After years of preparation and planning, setbacks and successes, 2020 saw the completion of the Freedom Skatepark in the community of Bull Bay. Seprod Foundation was proud to be the largest local sponsor of this project, not only providing funding, but providing expertise guiding the approval process, and the administration related to the procurement of the concrete and other key materials. This project was made possible through a tremendous collaboration between ourselves, the Bull Bay Football Club, Concrete Jungle Foundation, Sandals Foundation, Flipping Youth and the Tmrw.Tday Festival. So many other partners helped us along the way including suppliers such as Pre-Mix, Tankweld and Carib Cement. We are so grateful for all parties that came together to get the construction completed in the middle of the pandemic. It was a true testament to what you can get done through partnership and perseverance. Also importantly, the Concrete Jungle Foundation’s Edu-Skate Programme began, where many local young people learned important life skills through skateboarding. We are excited by the prospect of developing the sport to the point of having a Jamaican Skateboarding team complete in the Olympics one day!

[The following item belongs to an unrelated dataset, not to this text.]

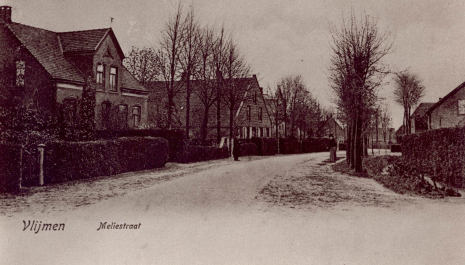 Wandeling: Historische parel van Vlijmen. Architectu...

In the midst of this turbulent year, we were reminded that despite ‘physical distancing’ we need each other – we can’t do it alone, we all have a role to play and partnerships are important. We are more effective, and get more done when we work together. We celebrate the Jamaican spirit, and know that together, we will get through this and we will continue toward a brighter future for our children.
Finally, we launched our website – www.seprodfoundation.org. We are glad you are here and hope that you take the time to get to know us, and join us along our journey. Happy New Year everyone! Stay safe, stay strong and stay positive!